Преодолевая инерцию, повозка остановилась как раз напротив придорожного куста чертополоха, как бы специально предназначенного под этот процесс. Следовавшая позади телега также остановилась, и дорожная пыль поплыла, обгоняя караван.
– Одна нога здесь, другая там.
Не ответив ни слова, Ефросинья сверкнула босыми ногами и скрылась за кустом, листья которого создавали не достаточно плотный экран. Когда силуэт девушки, подобрав полы рубахи, принял характерную позу, на соседней повозке раздался веселый и громкий хохот.
– Чертова девка, – пробурчал Антон, – и зачем только черт меня побрал взять ее в дорогу. Одни только хлопоты от баб.
– Зато готовит твоя дочка – пальцы оближешь, да и скрасила она нам быт в этой поездке, – очнувшись от дремоты, Павел стал потирать глаза.
– Ты знаешь, Павло, как она достала меня. Хочу, мол, мир посмотреть. Ты понял, а, Павло, Севашские соли для нее – мир! Ха-ха! Достала она меня Павло. Достала, как и мать ееная.
– Да ты чего, Антон! Дочка всегда лучше сына. Повезло тебе с ней. Будет кому по старость лет кварту горилки налить.
– От нее-то получишь, только черпаком по голове. Не девка, а огонь.
– Вот и я говорю.

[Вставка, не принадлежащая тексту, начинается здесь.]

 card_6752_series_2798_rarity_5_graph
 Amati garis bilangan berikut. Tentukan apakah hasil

Счастливый ты человек Антон. А мой Василий церковно-приходскую школу бросил, все в армию норовит. Нас с матерью бросить хочет, – Павел задумался на мгновение и потом добавил, – а давай мы их поженим меж собой. А? Как мысль тебе, Антон? Да заодно и породнимся.
– А вот! На кося выкуси, – ответил Антон, выразительно протягивая руку с комбинацией из трех пальцев на конце, – не пара она твоему Василю, не пара.

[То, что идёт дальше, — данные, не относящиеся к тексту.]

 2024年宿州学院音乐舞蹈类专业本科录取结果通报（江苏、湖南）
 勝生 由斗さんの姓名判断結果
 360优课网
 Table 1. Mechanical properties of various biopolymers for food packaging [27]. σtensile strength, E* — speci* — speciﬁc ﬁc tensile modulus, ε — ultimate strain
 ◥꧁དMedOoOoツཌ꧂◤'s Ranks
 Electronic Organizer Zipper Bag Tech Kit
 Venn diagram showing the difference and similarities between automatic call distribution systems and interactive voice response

– Да почему не пара? – насупив брови, Павел придвинулся поближе с предчувствием жаркого спора.
– А потому что не пара. Уедет она скоро до своей сестры в Питенбург да там себе хахаля и знайде.

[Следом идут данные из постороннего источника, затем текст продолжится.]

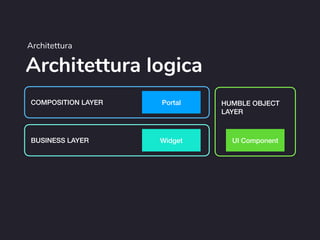 Architettura logica
Architettura
COMPOSITION LAYER
BUSINESS LAYER
HUMBLE OBJECT
LAYER
Portal
Widget UI Component
 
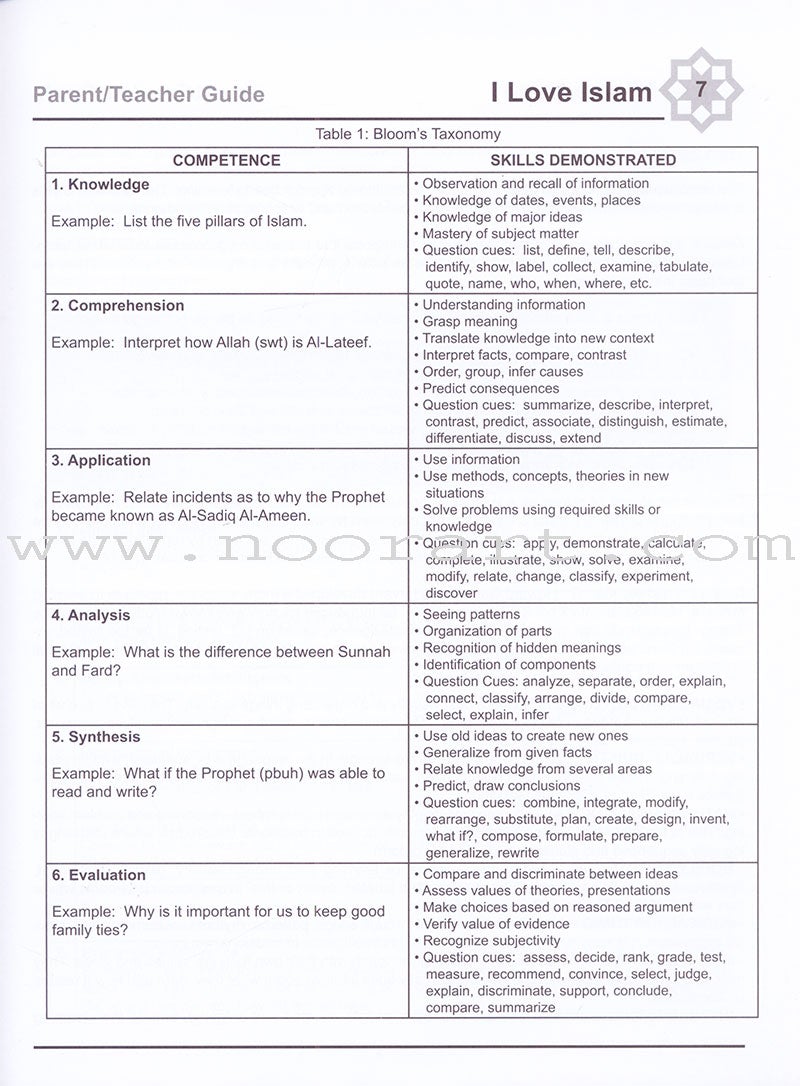 I Love Islam Teacher/Parent Guide: Level 6 (International/Weekend Edition)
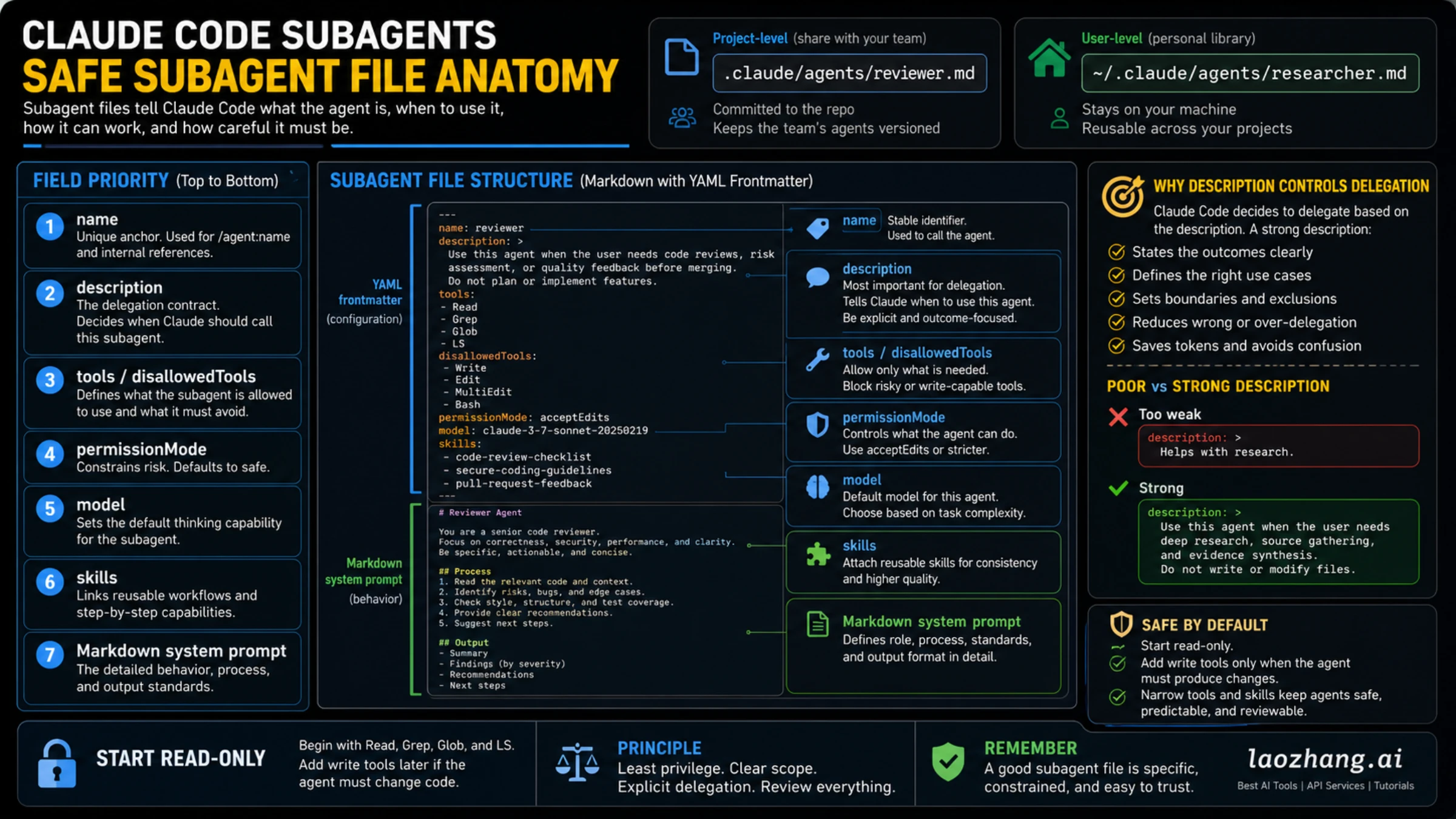Claude Code subagent file anatomy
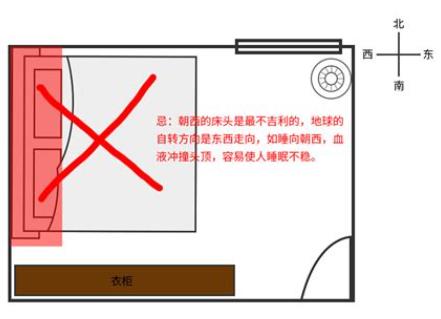 如何摆放卧室床的位置风水才吉利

– С жидами хочешь, что ли, породниться, Антон?
– Не жид у Тани Яков, не жид. А поляк! И дела в ихней типонгранфии – дай бог кажному.
Использовав для гигиены чистый изумрудный лист лопуха, Ефросинья поправила полы рубахи и вышла из-за куста навстречу разгоравшемуся спору.
– С облегчением, – донеслось с соседней телеги.
Ефросинья молча, с покрасневшим лицом, запрыгнула на повозку.
Громкий окрик «пошли, залетные» и резкий удар кнута по крупам гнедых привел повозку в движение. За ней тронулись и две остальные.
«За сибиром солнце всходит – хлопци не зевайтэ
И на мэнэ Кармалюгу всю надию майтэ»
Слышно было, как с соседней повозки, свободно и не надрываясь, пел всегда веселый Микола.